Baş karakterimiz en sonunda önyargılı olduğu, reddettiği, üstesinden gelemediği her açmazı bir şekilde kırmayı, hayat ile yüzleşmeyi başarıyor. Bunu kaydırakta geçen, ritmi hissetme sahnesiyle ve finaldeki muhteşem kilise çanı sahnesi ile veriyor.
Filmin ses dizaynına da ayrı bir paragraf açmamız gerekiyor. Karakterlerin kulaklarından, duydukları sesler üzerinden bir anlatım dili kurulmuş adeta. Duydukları mutlak sessizliğe ortak oluyoruz kimi zaman, hissettikleri ritimleri hissediyoruz. Ruben’in ameliyat sonrası duyduğu sesin metalik bir tona sahip oluşu, en son sahnede implantları çıkartmadan önce duyduğu sesin metalik bir tona dönüşümü, yuvarlak masadaki yemek sahneleri, çocukların Ruben ile gerçekleştirdikleri ritim eğitimine kadar tüm ses kurgusu muazzam.
Konserden sonra Ruben’i karavanında günlük rutinlerini gerçekleştirirken görürüz. Kahvesini içer, sporunu yapar. Tüm bu sahnelerde duyduğumuz tüm sesler rahatsız edici seviyede yüksektir. Ancak ileri ki sahnelerde Ruben ilk kez duyma yetisini yitirdiğinde biz de onunla beraber çevredeki sesler ile bağımızı yitiriyoruz. Karavana geri döndüğümüzde bir önceki sahnedekinin tam zıt yönünde her şey sessiz. Ses adeta bir karaktere bürünerek varlığı ya da yokluğu ile sahneyi dolduruyor.
Kimi zaman ise seyirci olarak dışarıdan bir kulak olarak konumlandırılıyoruz. Özellikle işitme engelliler okulunda geçen sahnelerde her şeye şahit oluyoruz. Ses dizaynının yanı sıra, anlatım dili olarak kullanılan görüntü yönetmenliğinin de çok başarılı olduğu bir film Sound of Metal.

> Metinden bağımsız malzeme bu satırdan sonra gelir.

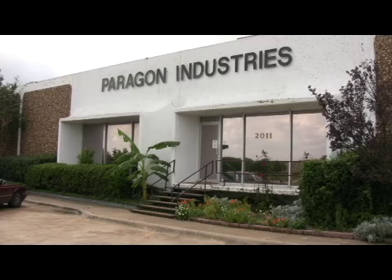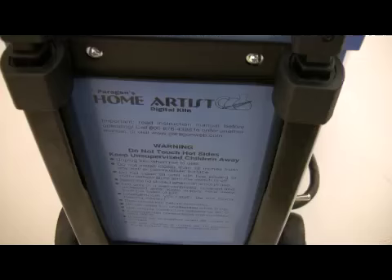The home artist is made at the Paragon factory in Mesquite, Texas, and for your safety is tested by TUV to meet UL and CSA standards.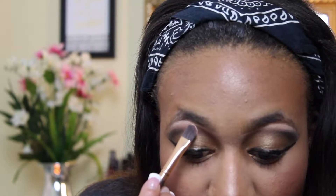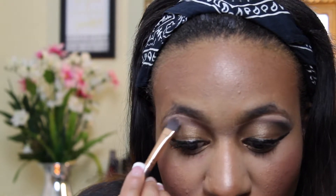Alright, now my shadows are on. I'm going to go for a nice sexy wing for this look. I'm going to be taking my Kat Von D Ink Liner in Trooper eyeliner and trying to create a nice wing.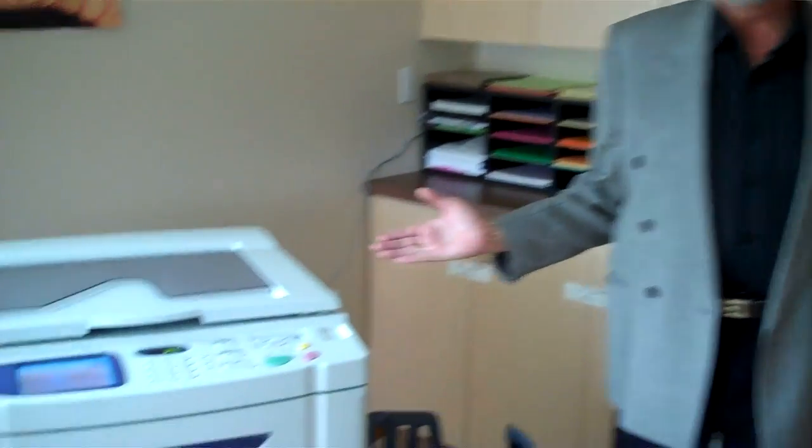Hi there, I'm Don Wall with Reso Canada, and today we're here with my customer, St. Paul's Church in Richmond, British Columbia, where they've recently installed their newest Reso printer, the EZ590.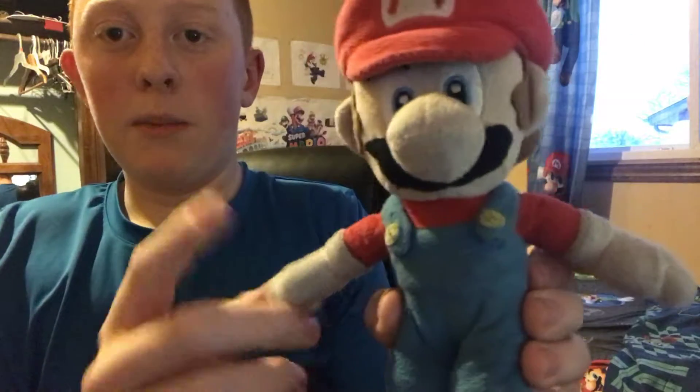This Mario is in pretty good shape. It's still kind of dirty, but I already said that. So yep, that was my review of the Mario and Luigi plushes I have. Bye!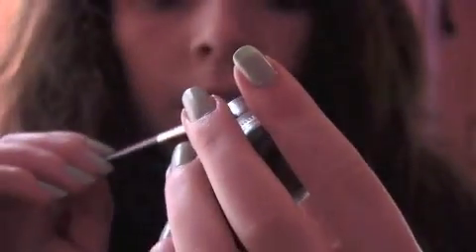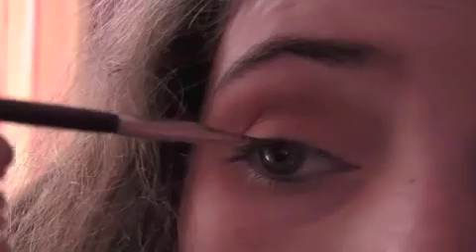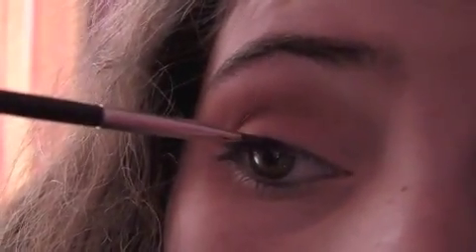Now we're going to put on some EOS lip balm, just before we go any further — I forgot to do it at the beginning of the video. Now taking our MAC Fluid Line in the 266, just tap it in and line your top eyelashes. Don't literally go like that, but put it on the skin above them.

Oyunculuklara gelirsek başroldeki Riz Ahmed muazzam. Pürüzsüz oyunculuğu ile karakterin öfkesini, çaresizliğini, ne yapmak istediği konusunda yaşadığı kafa karışıklığını muazzam yansıtmış. Eni İyi Erkek Oyuncu kategorisinde Oscar adaylığı aldı ancak o ödülün sahibi bu sene muhtemelen Chadwick Boseman olacak. Vietnam Savaşı’nda sağır olan, sonrasında alkolizm ile kendi hayatını altüst eden bir savaş sonrası travması yaşayan Joe karakterine can veren Paul Raci de çok iyi iş çıkartmış. Gerçek hayatta anne ve babası duyma engelli olan Raci’nin aldığı Oscar adaylığı da bu performansı taçlandırmış oldu. Ayrıca Olivia Cooke da kısa süreli ekran süresiyle de olsa Lou karakterinin yaşadığı karakter değişimini pürüzsüz bir şekilde vermiş.
Ana kadro dışında filmin büyük bölümünde izlediğimiz duyma engelli karakterlerin gerçek kişiler arasından oyuncu kadrosuna dahil edildiğini belirtelim. Bu sayede filmin gerçeklik duygusu bir kaç seviye yükselmiş. Yönetmen Darius Marder tüm bu oyuncu seçimlerinin duyma engelli bireylerin dünyasını gerçekçi biçimde yansıtmak adına yapıldığını belirtiyor.
Sinema yönünden zayıf geçen 2020’de çıkan en iyi filmlerden biri olan Sound of Metal, duyma yetisini kaybetmiş bir müzisyenin hikayesini anlatmaktan da öte hayatına sıfırdan başlamak zorunda olan bir insanı merkezine alarak, yaşamdaki iletişim sorunlarını, engel olarak atfedilenlerin aslında ne olduğunu ve değişimin kaçınılmazlığını gözler önüne seriyor.